#### Your goal:
Copy task for the material below: print the line with "Imprimanta de etichete" and every line after it to the end, exactly as written, without the pictures.

#### Supplied material:

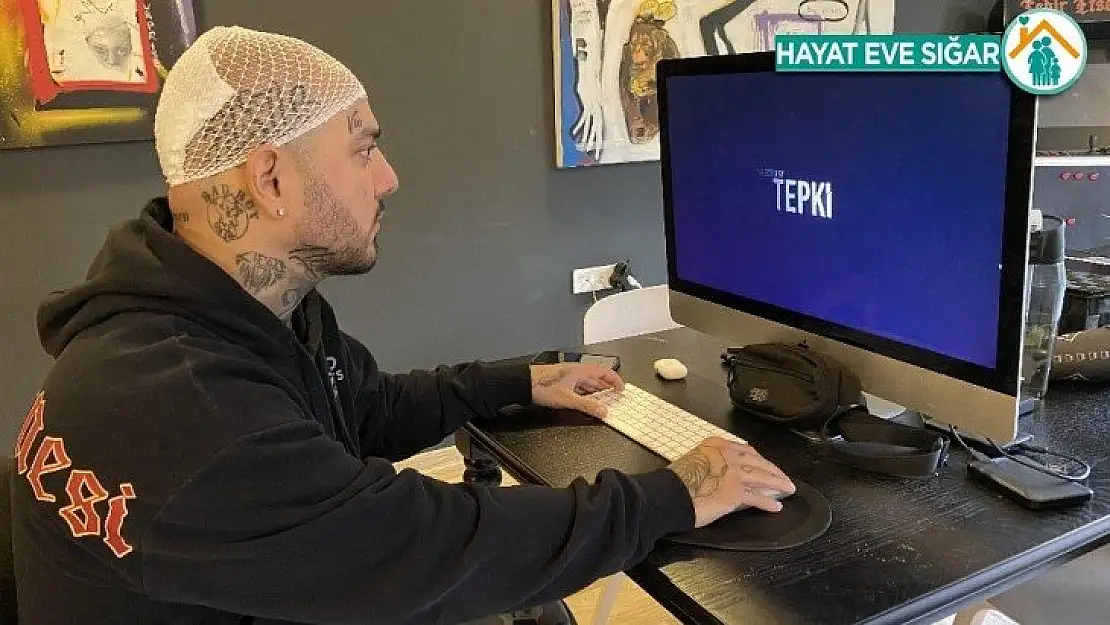 Ünlü rapçinin klip çekiminde faciadan dönüldü
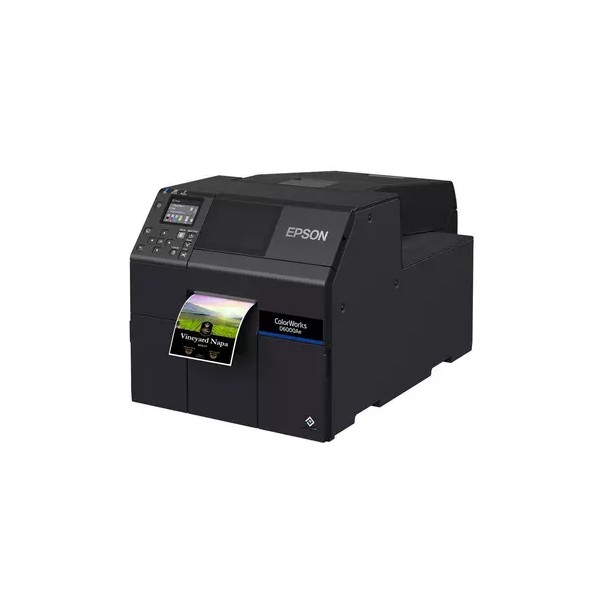Imprimanta de etichete color ColorWorks D6000, USB, Ethernet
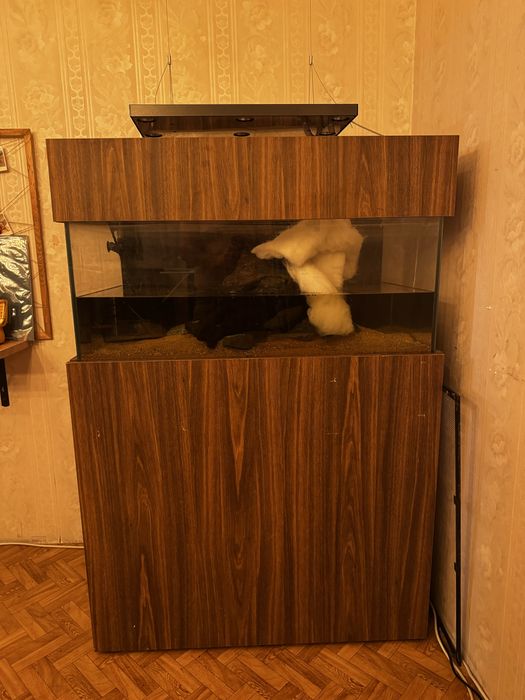 Akwarium 180l z szafką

#### Finished task:
Imprimanta de etichete color ColorWorks D6000, USB, Ethernet
 Akwarium 180l z szafką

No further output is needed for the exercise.